[[ Input, beginning ]]

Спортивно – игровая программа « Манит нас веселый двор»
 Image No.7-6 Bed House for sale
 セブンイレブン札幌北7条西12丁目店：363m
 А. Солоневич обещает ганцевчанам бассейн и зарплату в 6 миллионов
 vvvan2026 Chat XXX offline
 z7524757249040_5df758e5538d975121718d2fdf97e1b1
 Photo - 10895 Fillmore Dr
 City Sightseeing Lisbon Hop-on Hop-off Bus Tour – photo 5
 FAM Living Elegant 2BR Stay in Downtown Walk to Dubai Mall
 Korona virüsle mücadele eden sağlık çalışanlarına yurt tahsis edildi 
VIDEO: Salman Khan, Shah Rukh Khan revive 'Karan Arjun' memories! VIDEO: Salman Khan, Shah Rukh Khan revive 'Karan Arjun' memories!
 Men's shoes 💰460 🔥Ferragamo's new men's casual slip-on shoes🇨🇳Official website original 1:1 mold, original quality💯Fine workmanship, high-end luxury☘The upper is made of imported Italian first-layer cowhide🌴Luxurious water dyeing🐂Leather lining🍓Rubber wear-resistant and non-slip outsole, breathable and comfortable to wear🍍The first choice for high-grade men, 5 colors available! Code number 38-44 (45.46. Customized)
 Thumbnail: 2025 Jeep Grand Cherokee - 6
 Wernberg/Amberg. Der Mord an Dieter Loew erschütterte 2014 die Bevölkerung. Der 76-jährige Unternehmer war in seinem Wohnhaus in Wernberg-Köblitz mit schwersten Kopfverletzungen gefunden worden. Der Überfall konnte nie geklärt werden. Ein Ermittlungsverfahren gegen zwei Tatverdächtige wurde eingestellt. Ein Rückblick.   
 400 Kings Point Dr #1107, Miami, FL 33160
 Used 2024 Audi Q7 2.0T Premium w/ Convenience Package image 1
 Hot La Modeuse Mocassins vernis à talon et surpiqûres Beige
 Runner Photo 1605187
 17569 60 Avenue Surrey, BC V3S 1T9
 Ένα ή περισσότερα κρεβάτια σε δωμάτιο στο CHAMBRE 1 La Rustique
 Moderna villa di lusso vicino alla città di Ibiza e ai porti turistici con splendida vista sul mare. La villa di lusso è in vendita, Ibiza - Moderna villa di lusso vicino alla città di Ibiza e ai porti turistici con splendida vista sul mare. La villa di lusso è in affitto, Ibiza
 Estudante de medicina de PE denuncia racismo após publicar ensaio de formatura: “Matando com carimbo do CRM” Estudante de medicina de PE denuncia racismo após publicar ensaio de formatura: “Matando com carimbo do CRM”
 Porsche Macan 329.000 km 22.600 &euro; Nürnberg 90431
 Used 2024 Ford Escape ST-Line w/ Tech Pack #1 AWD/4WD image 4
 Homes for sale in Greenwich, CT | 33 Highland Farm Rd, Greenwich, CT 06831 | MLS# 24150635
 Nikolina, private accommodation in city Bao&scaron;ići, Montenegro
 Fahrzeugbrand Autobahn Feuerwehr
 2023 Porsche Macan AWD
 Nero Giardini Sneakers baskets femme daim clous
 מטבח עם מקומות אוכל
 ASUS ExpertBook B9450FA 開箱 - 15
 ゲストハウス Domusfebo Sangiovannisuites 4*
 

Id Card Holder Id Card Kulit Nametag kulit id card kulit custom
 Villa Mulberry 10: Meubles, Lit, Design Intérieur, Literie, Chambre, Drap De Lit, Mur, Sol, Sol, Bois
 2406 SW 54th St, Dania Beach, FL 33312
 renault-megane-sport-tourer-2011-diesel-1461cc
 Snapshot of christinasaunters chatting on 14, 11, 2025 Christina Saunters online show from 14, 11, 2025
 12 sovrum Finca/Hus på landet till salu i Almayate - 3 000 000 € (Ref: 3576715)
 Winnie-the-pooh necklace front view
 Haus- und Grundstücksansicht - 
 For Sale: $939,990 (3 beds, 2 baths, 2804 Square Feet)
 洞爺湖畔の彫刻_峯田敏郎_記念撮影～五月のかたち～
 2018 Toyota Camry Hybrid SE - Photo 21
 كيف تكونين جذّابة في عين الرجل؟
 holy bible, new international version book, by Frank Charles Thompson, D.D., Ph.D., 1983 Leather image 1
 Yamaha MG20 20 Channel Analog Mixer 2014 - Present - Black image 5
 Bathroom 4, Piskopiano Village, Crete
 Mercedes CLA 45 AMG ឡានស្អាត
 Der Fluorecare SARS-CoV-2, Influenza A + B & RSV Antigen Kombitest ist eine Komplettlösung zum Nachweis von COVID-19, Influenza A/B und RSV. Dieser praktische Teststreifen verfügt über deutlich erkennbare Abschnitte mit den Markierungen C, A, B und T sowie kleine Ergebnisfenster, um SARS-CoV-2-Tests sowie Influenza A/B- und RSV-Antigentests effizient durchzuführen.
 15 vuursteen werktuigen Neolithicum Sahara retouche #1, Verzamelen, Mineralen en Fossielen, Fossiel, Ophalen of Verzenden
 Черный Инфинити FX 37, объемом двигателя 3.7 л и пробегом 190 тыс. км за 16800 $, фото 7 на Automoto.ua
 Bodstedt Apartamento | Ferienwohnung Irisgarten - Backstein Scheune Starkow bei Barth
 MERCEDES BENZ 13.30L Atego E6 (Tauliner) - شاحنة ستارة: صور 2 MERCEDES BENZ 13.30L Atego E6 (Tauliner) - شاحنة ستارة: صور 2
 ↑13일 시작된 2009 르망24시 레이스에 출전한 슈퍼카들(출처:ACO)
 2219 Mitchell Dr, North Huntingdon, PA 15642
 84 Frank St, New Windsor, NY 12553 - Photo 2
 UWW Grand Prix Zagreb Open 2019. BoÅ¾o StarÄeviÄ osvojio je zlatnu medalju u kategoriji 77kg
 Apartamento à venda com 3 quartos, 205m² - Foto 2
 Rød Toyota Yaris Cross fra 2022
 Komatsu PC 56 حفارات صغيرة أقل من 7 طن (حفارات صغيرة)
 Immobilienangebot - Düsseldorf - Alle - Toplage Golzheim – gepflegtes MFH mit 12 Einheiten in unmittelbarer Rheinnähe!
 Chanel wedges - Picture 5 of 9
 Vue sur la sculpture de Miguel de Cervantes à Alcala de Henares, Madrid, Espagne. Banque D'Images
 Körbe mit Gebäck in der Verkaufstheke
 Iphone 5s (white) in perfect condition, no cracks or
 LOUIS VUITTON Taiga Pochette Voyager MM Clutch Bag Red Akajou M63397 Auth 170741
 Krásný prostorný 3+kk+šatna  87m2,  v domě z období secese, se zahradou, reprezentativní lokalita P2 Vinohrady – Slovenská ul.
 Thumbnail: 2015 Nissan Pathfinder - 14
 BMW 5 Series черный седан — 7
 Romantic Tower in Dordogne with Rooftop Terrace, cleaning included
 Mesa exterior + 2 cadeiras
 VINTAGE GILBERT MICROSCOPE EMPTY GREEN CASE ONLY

[[ Input, end ]]

# [Task prompt]
Among the lines above, find the one with "Villa Mulberry 10: Meubles, Lit, Design" and the one with "Mercedes CLA 45 AMG ឡានស្អាត". Quote both and everything between them, exactly.

# [Your solution]
 Villa Mulberry 10: Meubles, Lit, Design Intérieur, Literie, Chambre, Drap De Lit, Mur, Sol, Sol, Bois
 2406 SW 54th St, Dania Beach, FL 33312
 renault-megane-sport-tourer-2011-diesel-1461cc
 Snapshot of christinasaunters chatting on 14, 11, 2025 Christina Saunters online show from 14, 11, 2025
 12 sovrum Finca/Hus på landet till salu i Almayate - 3 000 000 € (Ref: 3576715)
 Winnie-the-pooh necklace front view
 Haus- und Grundstücksansicht - 
 For Sale: $939,990 (3 beds, 2 baths, 2804 Square Feet)
 洞爺湖畔の彫刻_峯田敏郎_記念撮影～五月のかたち～
 2018 Toyota Camry Hybrid SE - Photo 21
 كيف تكونين جذّابة في عين الرجل؟
 holy bible, new international version book, by Frank Charles Thompson, D.D., Ph.D., 1983 Leather image 1
 Yamaha MG20 20 Channel Analog Mixer 2014 - Present - Black image 5
 Bathroom 4, Piskopiano Village, Crete
 Mercedes CLA 45 AMG ឡានស្អាត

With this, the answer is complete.